**AVAILABLE DATA**
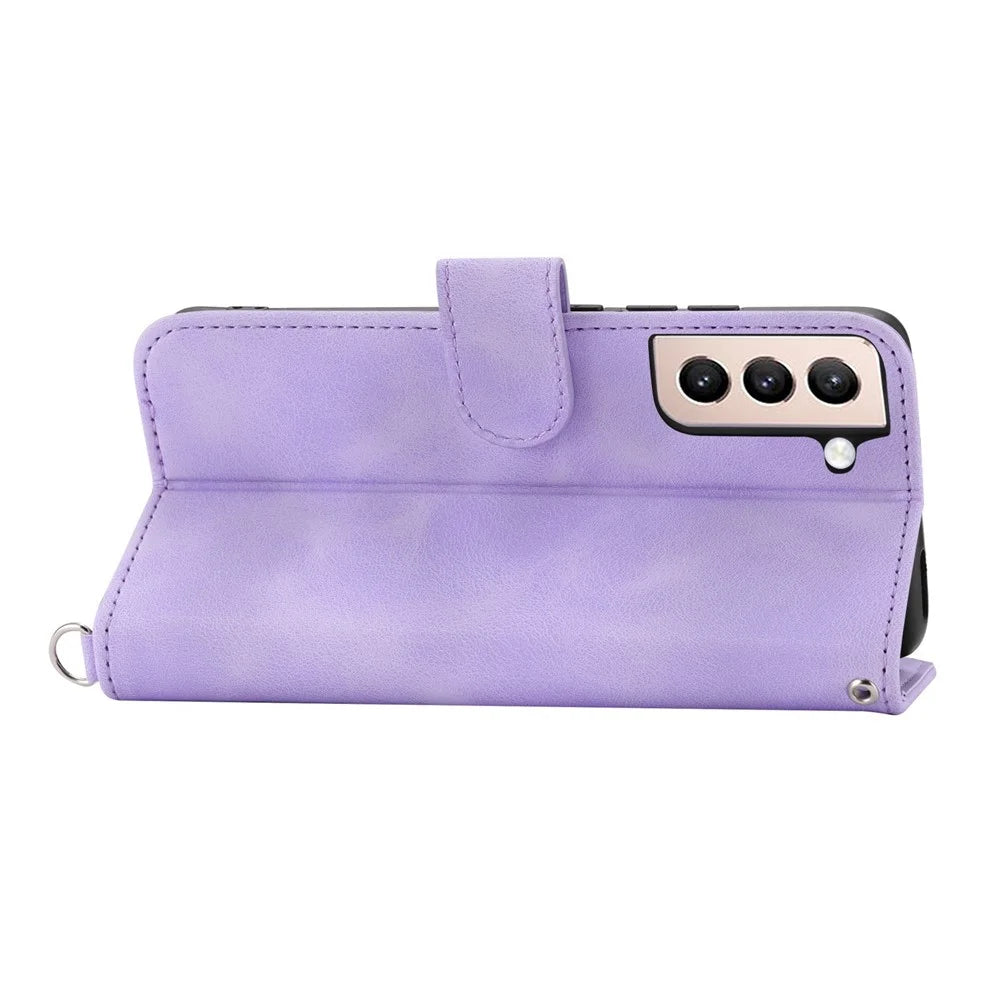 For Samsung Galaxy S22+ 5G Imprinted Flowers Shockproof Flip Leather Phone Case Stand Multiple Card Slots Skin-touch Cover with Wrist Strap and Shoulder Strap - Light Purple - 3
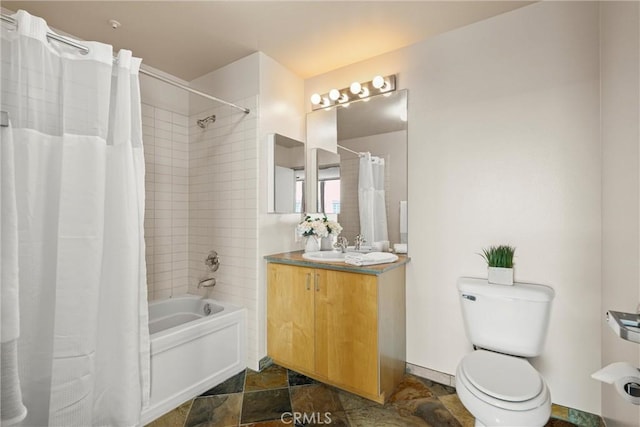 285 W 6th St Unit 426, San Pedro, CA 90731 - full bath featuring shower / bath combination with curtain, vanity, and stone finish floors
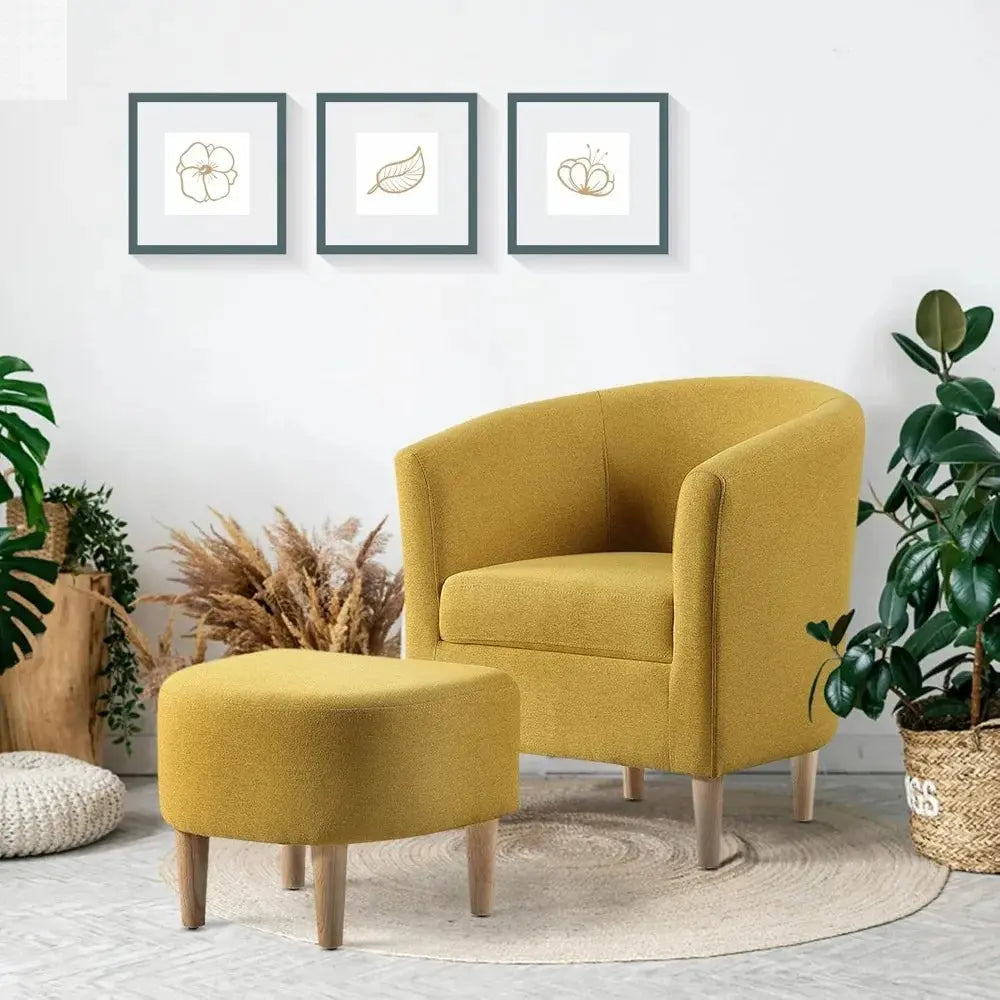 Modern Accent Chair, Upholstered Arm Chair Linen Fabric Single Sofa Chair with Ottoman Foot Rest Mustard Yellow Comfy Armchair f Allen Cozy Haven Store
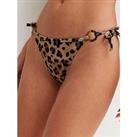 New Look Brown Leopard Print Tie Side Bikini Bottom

* * *

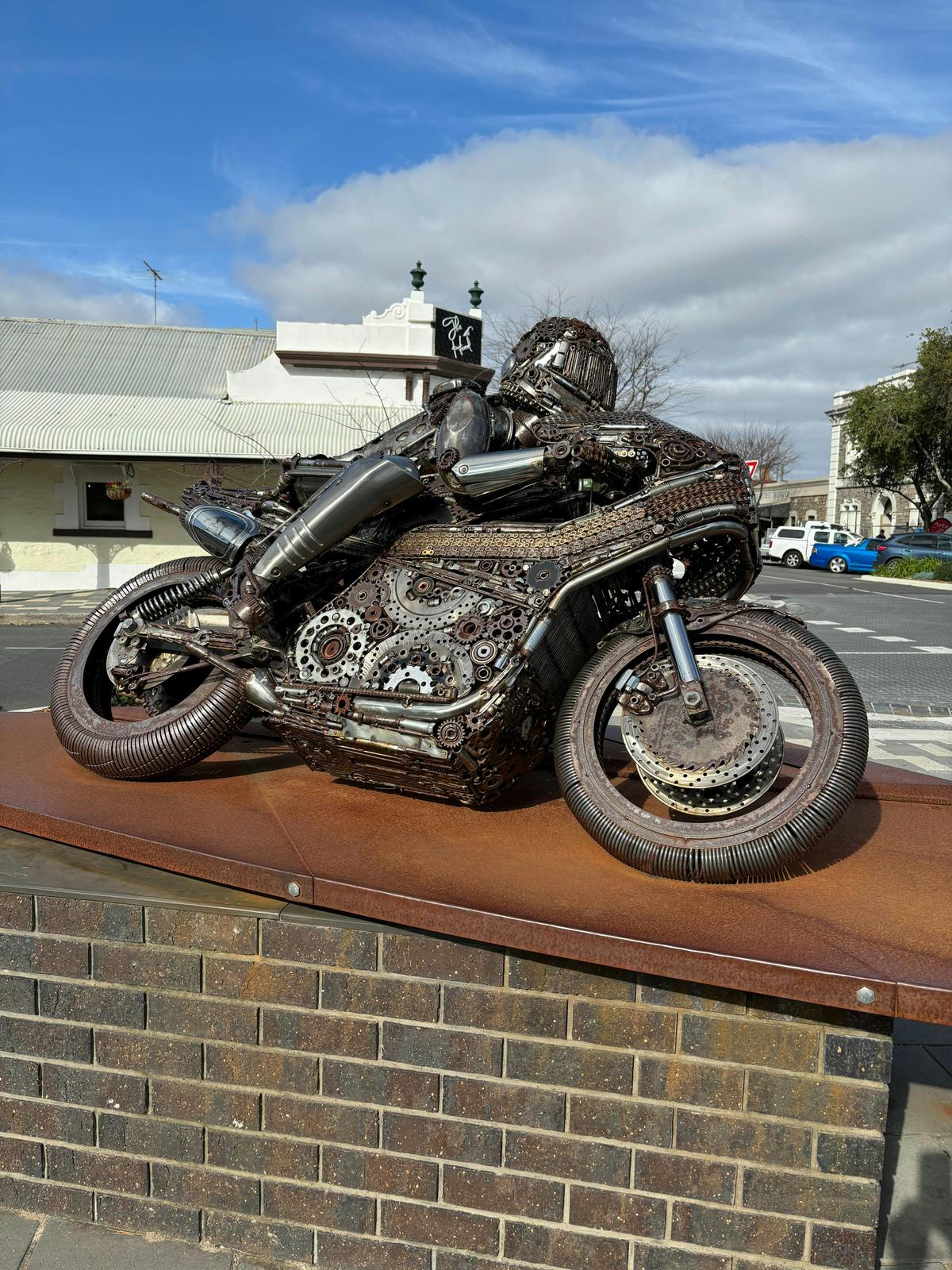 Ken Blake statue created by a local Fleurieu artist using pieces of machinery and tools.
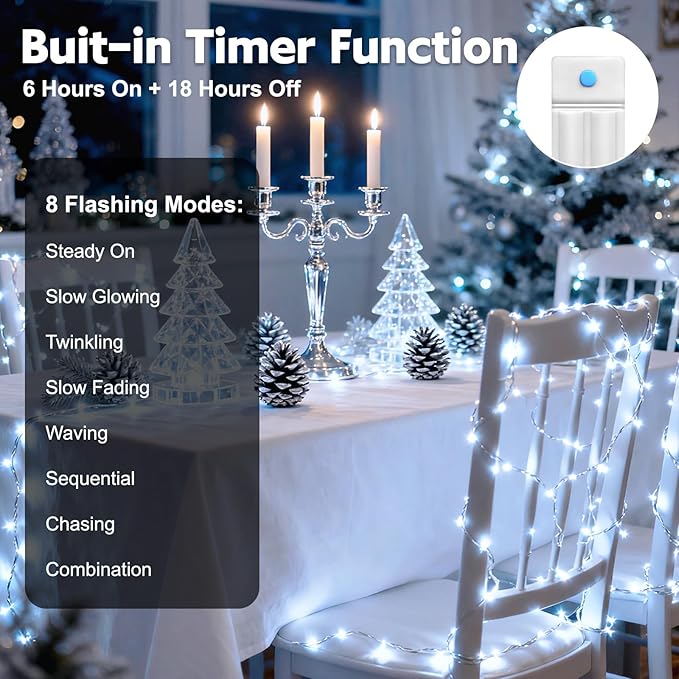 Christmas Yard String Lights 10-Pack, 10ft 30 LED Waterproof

--

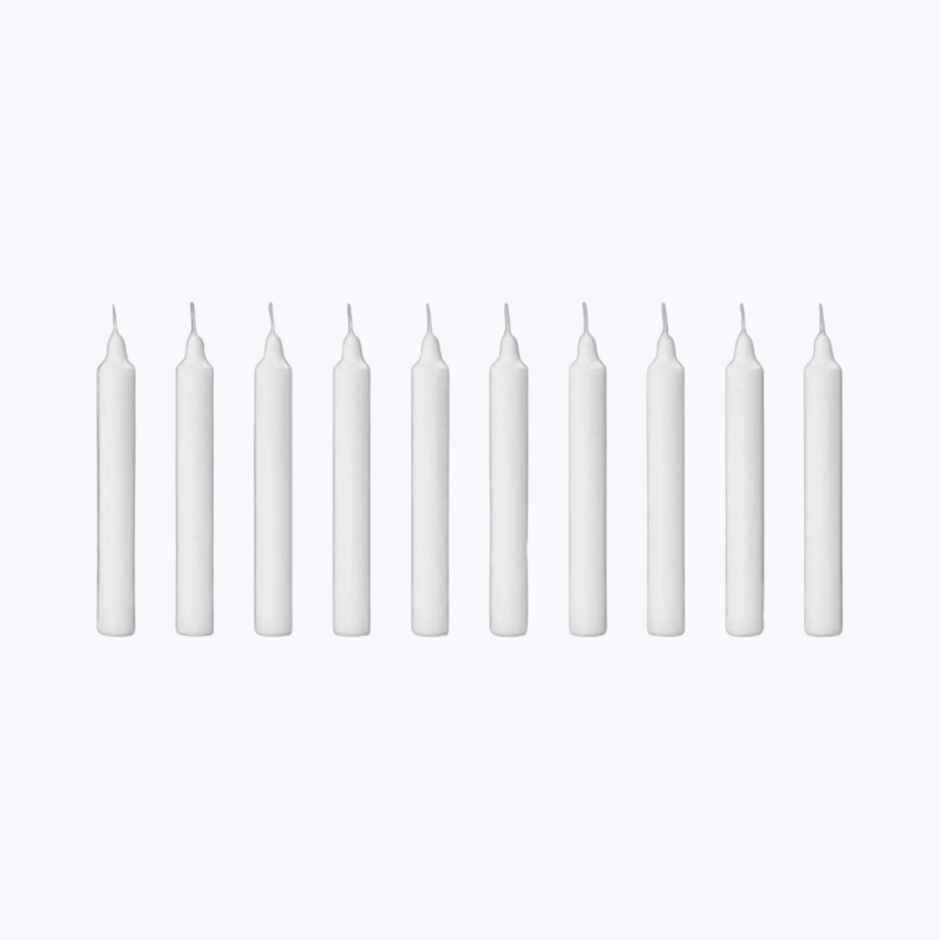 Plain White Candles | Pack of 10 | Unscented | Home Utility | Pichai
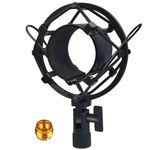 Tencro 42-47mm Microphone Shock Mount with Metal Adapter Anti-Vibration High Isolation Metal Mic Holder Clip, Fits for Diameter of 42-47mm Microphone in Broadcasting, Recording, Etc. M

**REQUIRED ACTION**
Print an exact copy of the lines above, from the one containing "Modern Accent Chair, Upholstered" through the one containing "New Look Brown", and leave out the pictures.

**THE COMPLETED TASK**
 Modern Accent Chair, Upholstered Arm Chair Linen Fabric Single Sofa Chair with Ottoman Foot Rest Mustard Yellow Comfy Armchair f Allen Cozy Haven Store
 New Look Brown Leopard Print Tie Side Bikini Bottom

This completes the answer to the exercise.